Mark Ruffalo, Interview

Interview with Mark Ruffalo

Interview with Mark Ruffalo

After two movies failed to ignite the fans (2003's Hulk starring Eric Bana and 2008's The incredible Hulk starring Edward Norton), Marvel decided to start over with the character for Avengers Assemble. And casting Oscar-nominated actor Mark Ruffalo ignited a firestorm among the online fan community who saw him as far too serious for the role.

Contactmusic caught up with Ruffalo at the London premiere to find out how he felt about the reaction. "I was overcome by a moment of very poor judgement early on by going online and seeing the response to me stepping in for the new Banner," he says. "I won't do that again! It wasn't glowing. I found the fans' exuberant passion to be very very brutal. So I hope we've amended that with this film."

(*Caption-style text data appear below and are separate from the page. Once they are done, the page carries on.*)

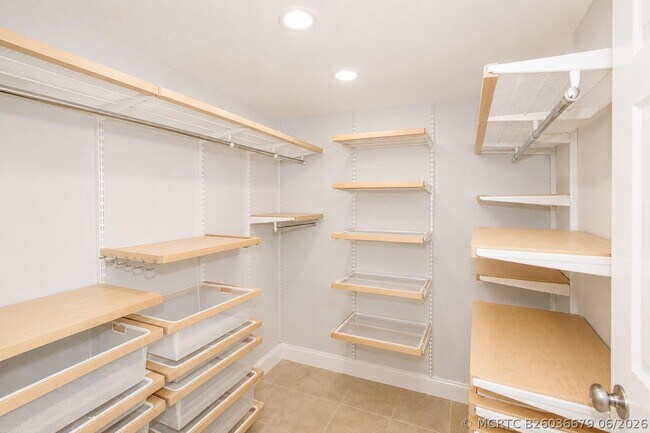Foto del edificio - 1512 SW 24th St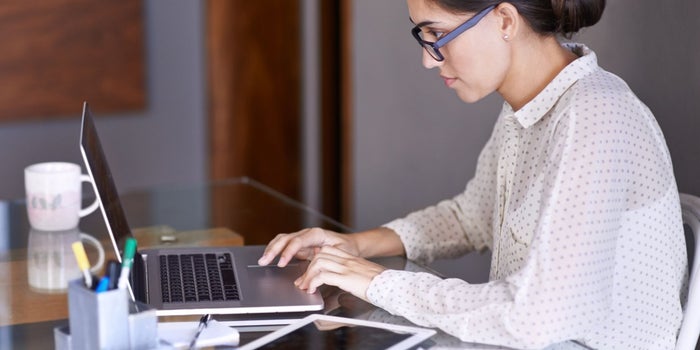 Ditch the Phone: Why Adding Live Chat to Your Site Just Makes Sense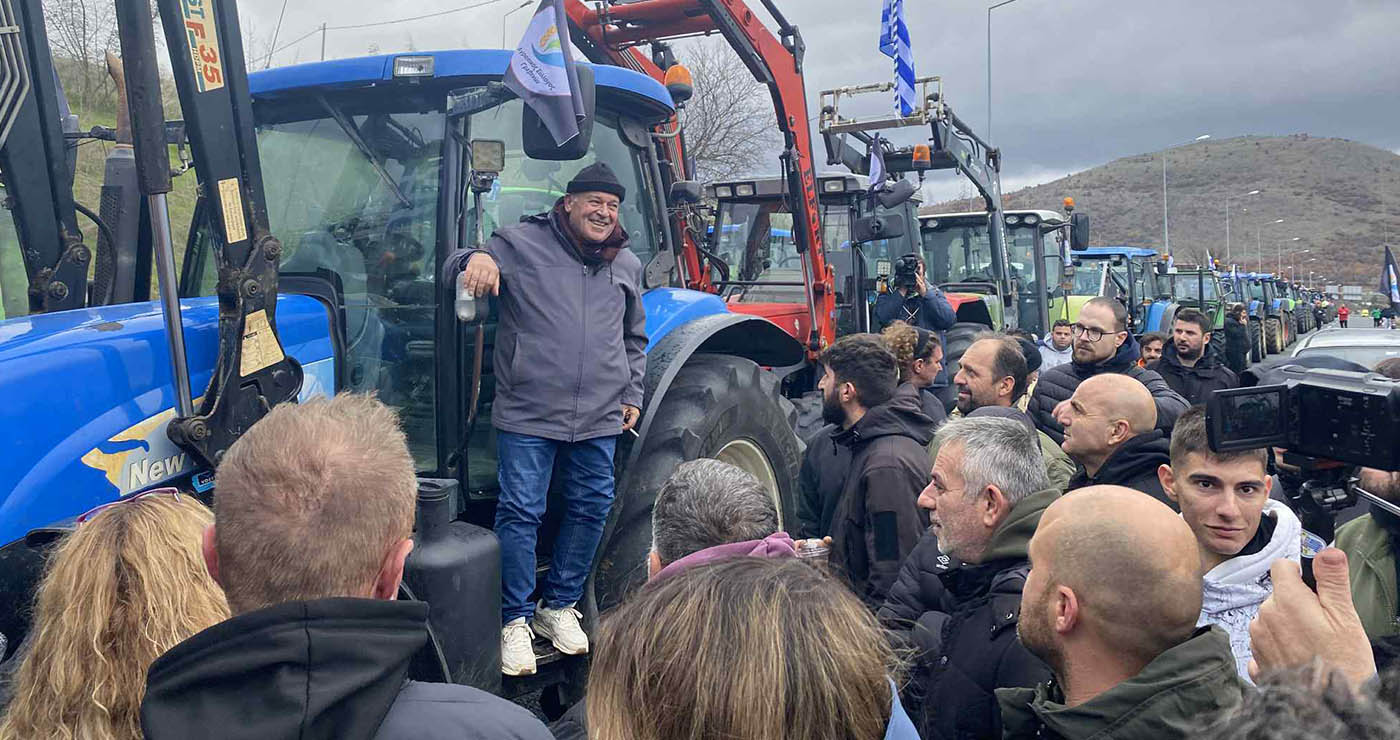 Οι αγρότες της Καστοριάς στο μπλόκο της Σιάτιστας – Μόσχος: “Δεν κρυβόμαστε, στόχος είναι το λιμάνι της Θεσσαλονίκης”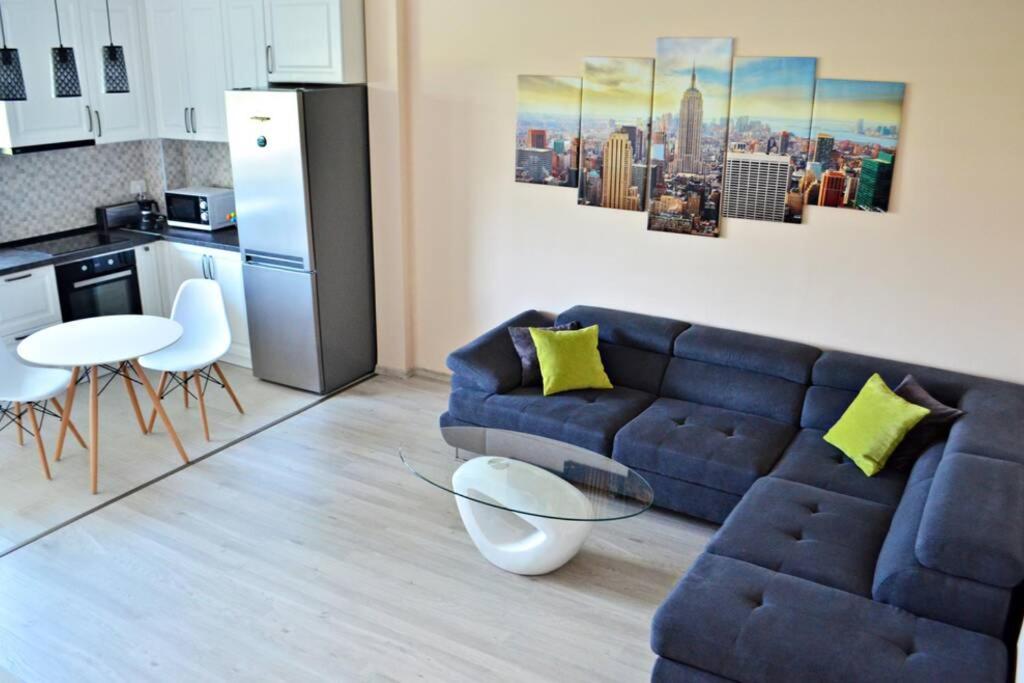 M&M Apartment Орадя Экстерьер фото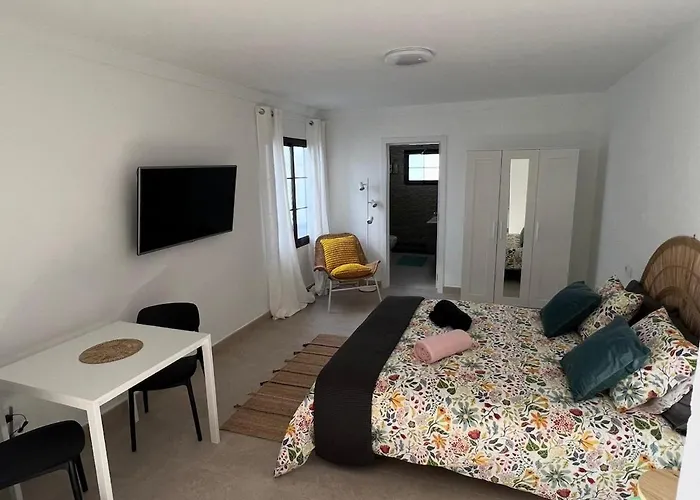 23c Volcano & Semesterbostad Tahiche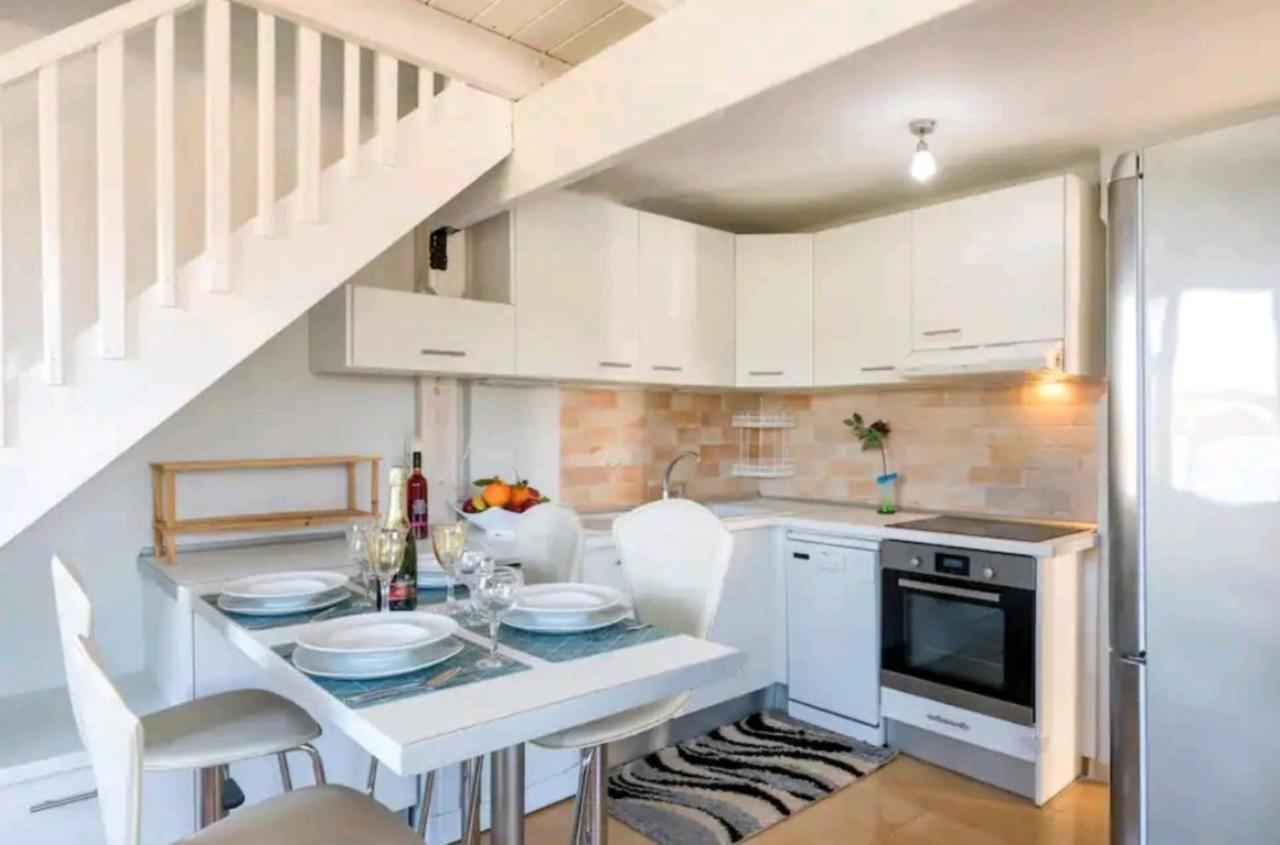 Govino Bay Luxury Beach Loft Apartment Danilia Luaran gambar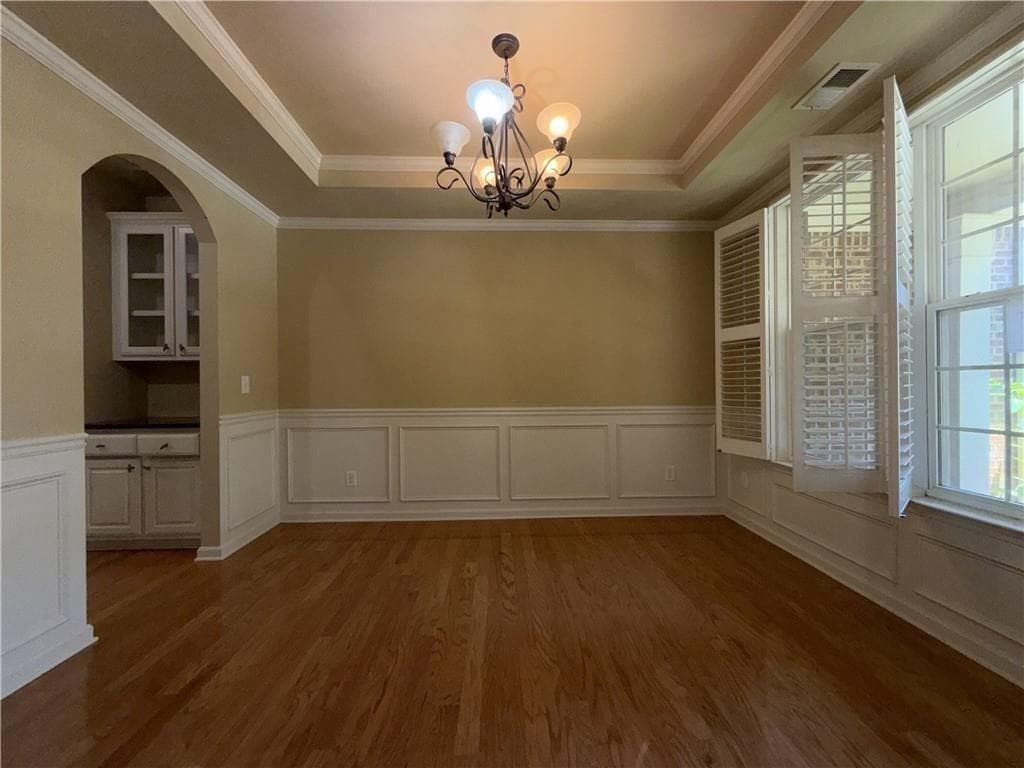 5 bedroom, 4 bathroom, 3,456 sq ft single family residence for sale at 4750 Heathcliff Way, Cumming, GA 30041 — photo 10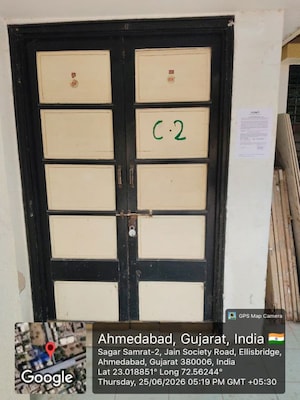 Room in  Apartment at Sabarmati – for Sale
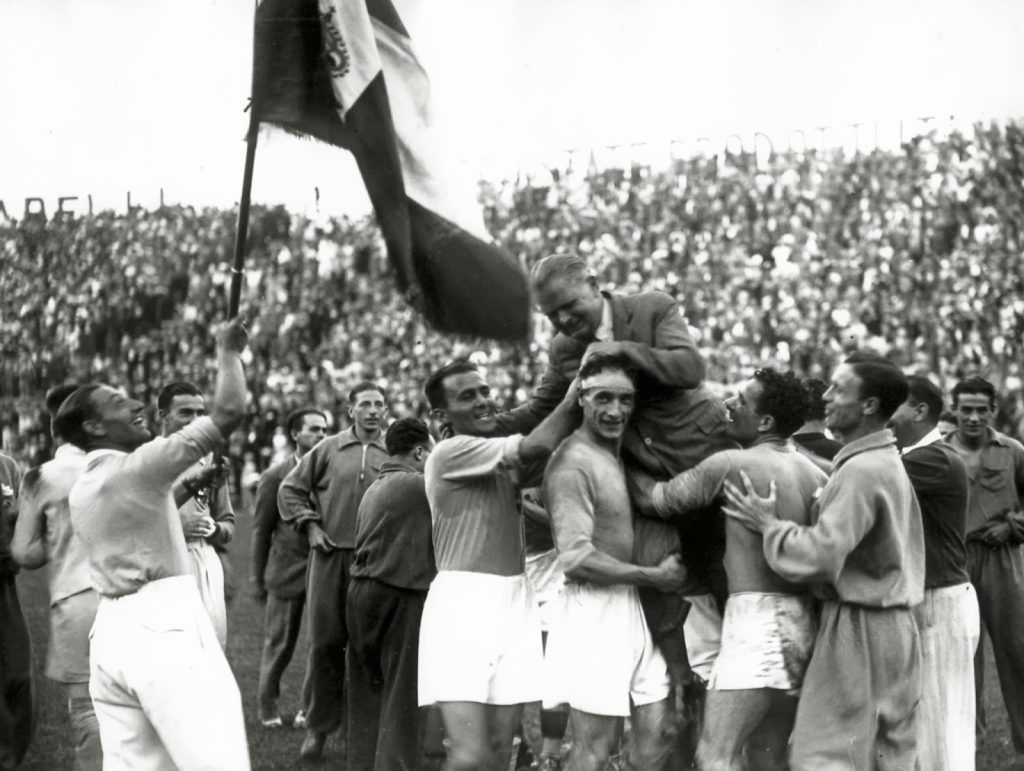 Trener Włoch Vittorio Pozzo niesiony jest triumfalnie przez swoich zawodników po zwycięstwie w mistrzostwach świata w 1934 roku fot. domena publiczna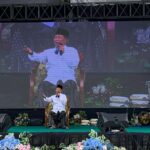 KH Musta'in Syafi'i saat memberikan tausiyah di acara Pagelaran dan Pameran Sains yang diadakan oleh SMP Sains Tebuireng, Sabtu (1/2/2025). Foto : Albi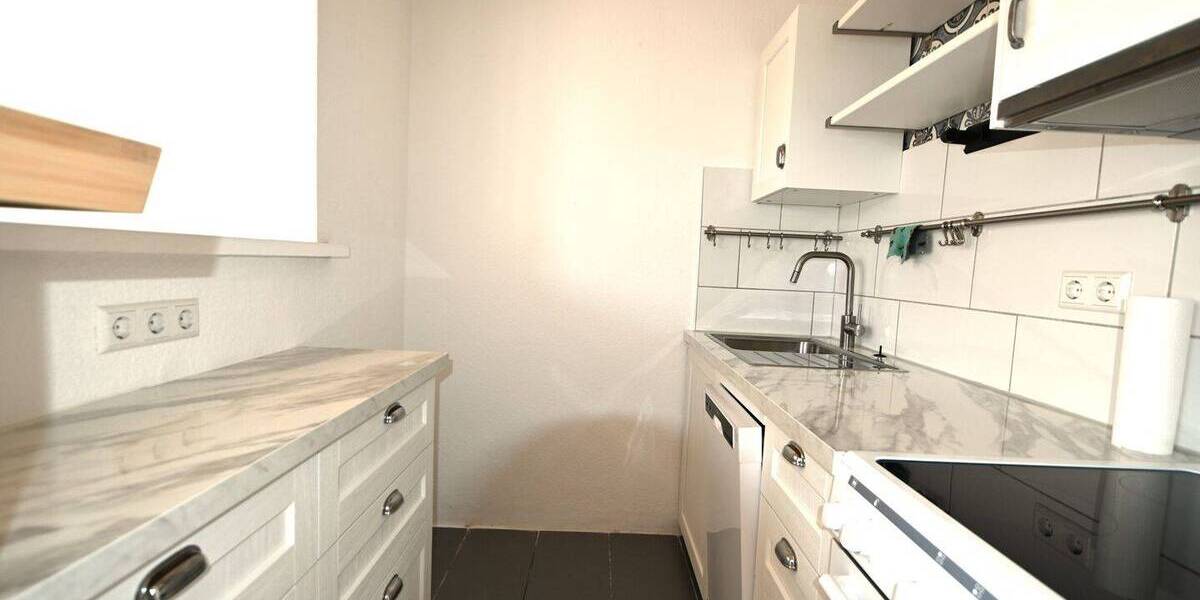 Lichtdurchflutet & gepflegt: 2-Zimmer-Wohnung mit Balkon & EBK - Etagenwohnung Böblingen | Angebot:26347789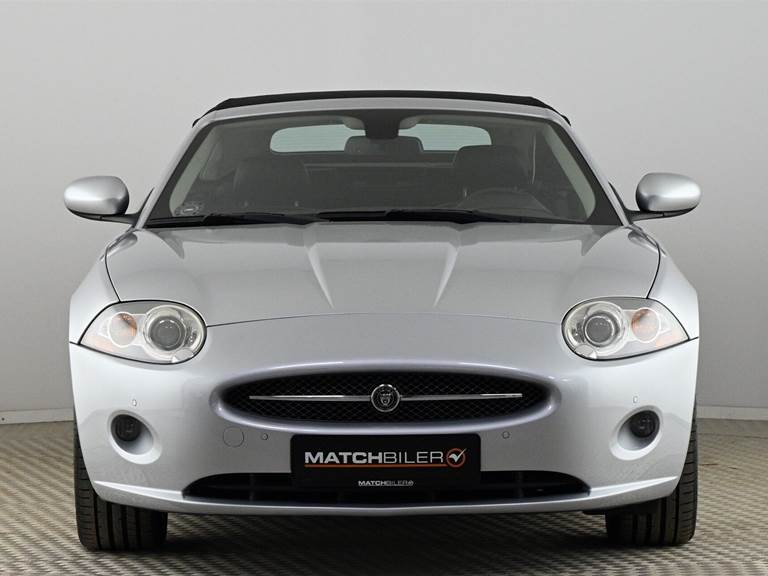 Jaguar XK8 4,2 Convertible V8 300HK Cabr. 6g Aut.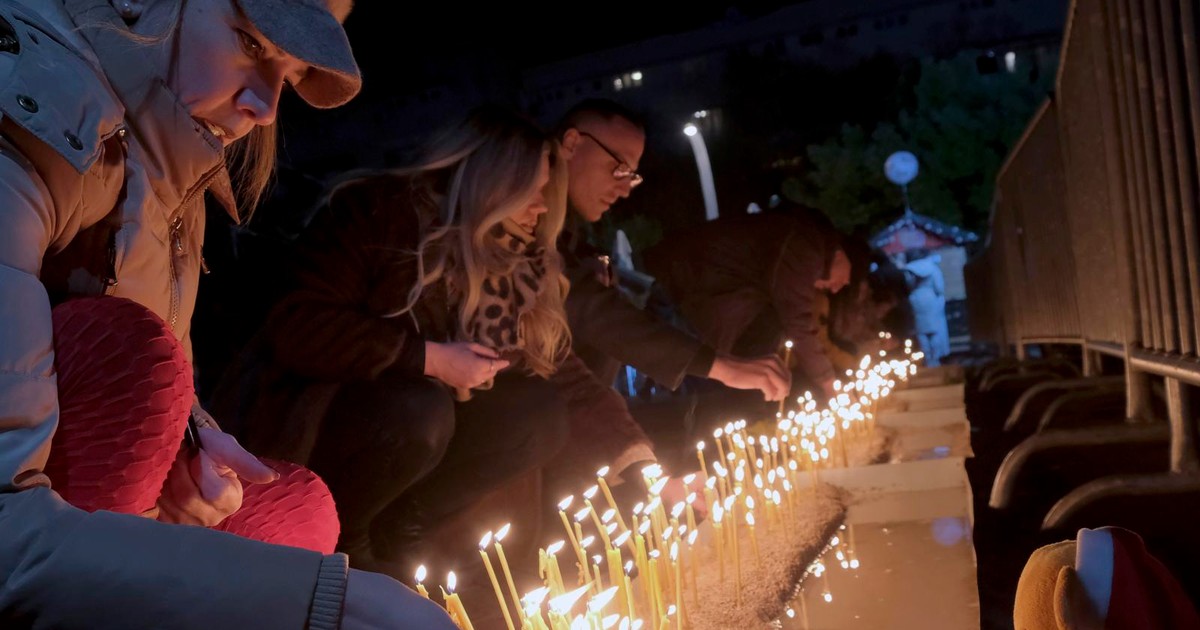 Okupljanje na Cetinju i protest u Podgorici povodom tragedije u kojoj je ubijeno 12 osoba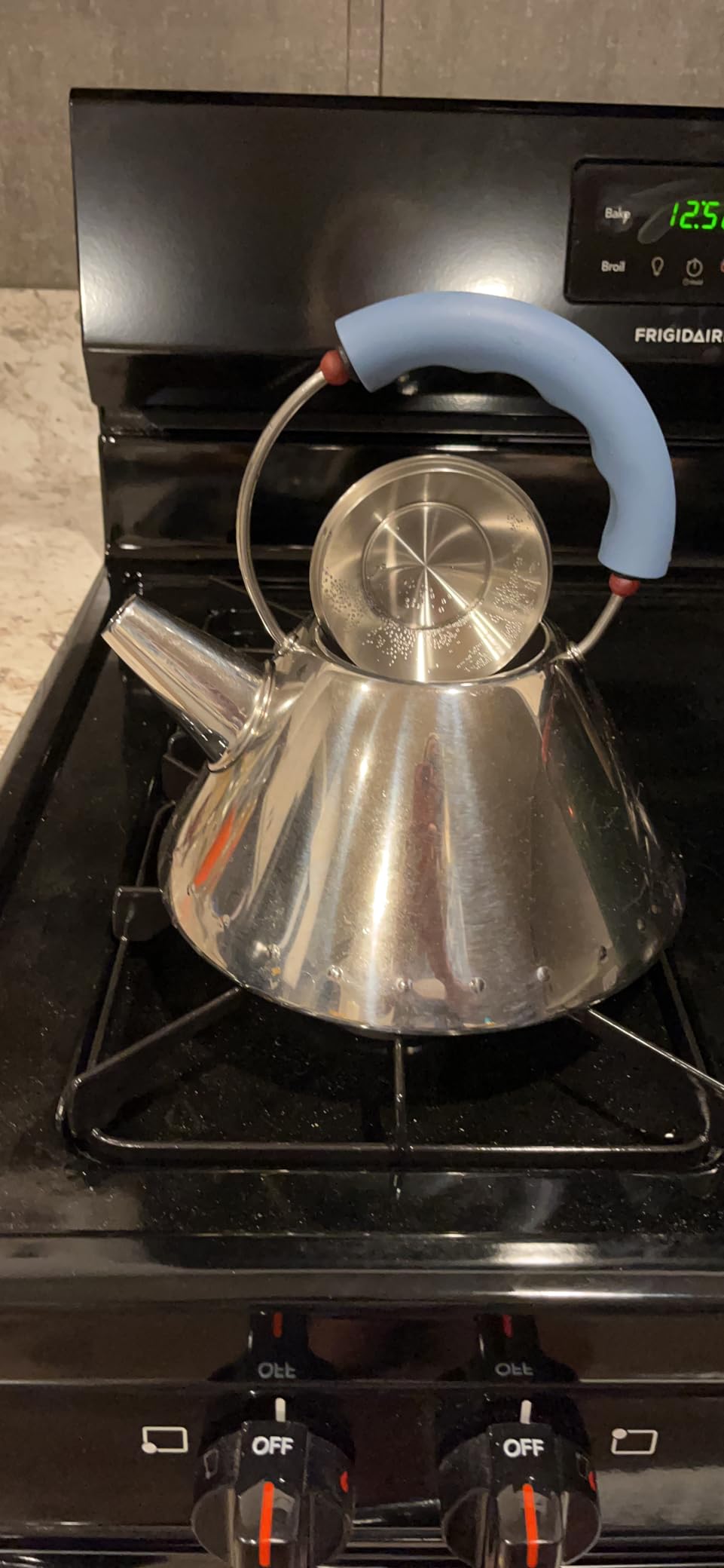 Alessi 9093 B - Design Kettle with Handle and Bird-Shaped Whistle, Stainless Steel and PA, Black Customer Review Alessi 9093 B - Design Kettle with Handle and Bird-Shaped Whistle, Stainless Steel and PA, Black - Customer Photo 2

But the truth is that Ruffalo has loved the character since he was a child. "I was a particular fan of the TV show," he says, referring to the iconic late-70s series starring Bill Bixby. "When I was offered the role, I talked to writer-director Joss Whedon about it. He said he wanted to return to the Bill Bixby kind of world-weary charm of a man who is on the run but still trying take time to live his life and falling in love and having a sense of humour about himself. And I like that. But I also liked the idea that I would be the first actor to play both Banner and the Hulk. That was probably the most exciting thing to me."

On TV, the Hulk was played by bodybuilder Lou Ferrigno, while in the two films he was completely animated. This time, Ruffalo got to perform the role himself in a motion-capture process similar to what Andy Serkis used for Rise of the Planet of the Apes. "Yes, there was the element of wearing a leotard that reduced me to a Chinese checker board, but other than that, it was a very involved process," Ruffalo says. "There were three parts: we did all the motion capture before we shot the movie, we did it while we were shooting the movie and we did it after. It was a very, very intensive process, and I was by myself most of the time, which was lonely. In a leotard!"

While this allowed Ruffalo to bring out the Hulk's personality, it's still rather different from his acclaimed roles in films like You Can Count on Me or The Kids Are All Right. "Avengers Assemble isn't the type film that I've done in the past or that I am usually invited to do," he says, smiling. And indeed, he doesn't look like the other Avengers. "I am in a scruffy linen suit that was bought directly out of a thrift store, and I am looking around the room at these impeccable human specimens feeling like a tool and thinking, 'What am I doing here?'" he laughs. "I felt a strange jealousy as I was looking at their cool outfits and strapping bodies. I was purposely told not to put on muscle for the role, so I was the pipsqueak. I longed to have my cool outfit and be part of the team, but that is exactly how Bruce Banner is feeling as well. But I also love the idea of actually getting to bust out into the big green rage machine!"